_Source material_

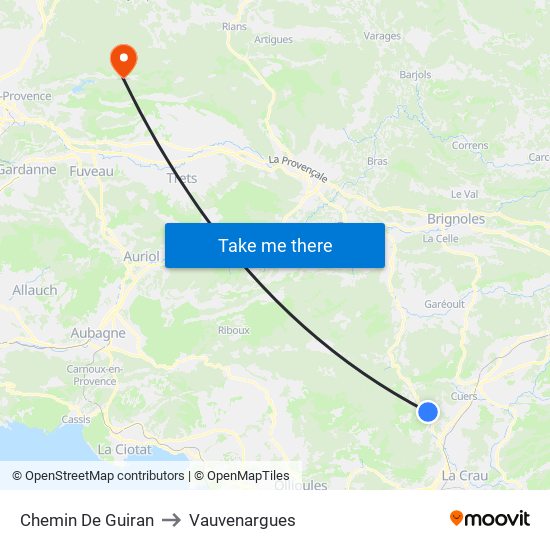 Chemin De Guiran to Vauvenargues map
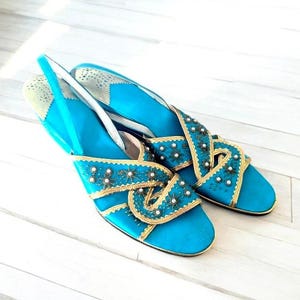 Vintage 1960s Ferragamo Slides: Blue Metallic Boudoir Slippers, Size 7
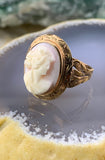 Antique 14K & Carved Conch Cameo Conversion Ring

_Problem to work on_
Set the listing down in full and exactly. Pictures within it should not appear in the copy.

_Written answer_
 Chemin De Guiran to Vauvenargues map
 Vintage 1960s Ferragamo Slides: Blue Metallic Boudoir Slippers, Size 7
 Antique 14K & Carved Conch Cameo Conversion Ring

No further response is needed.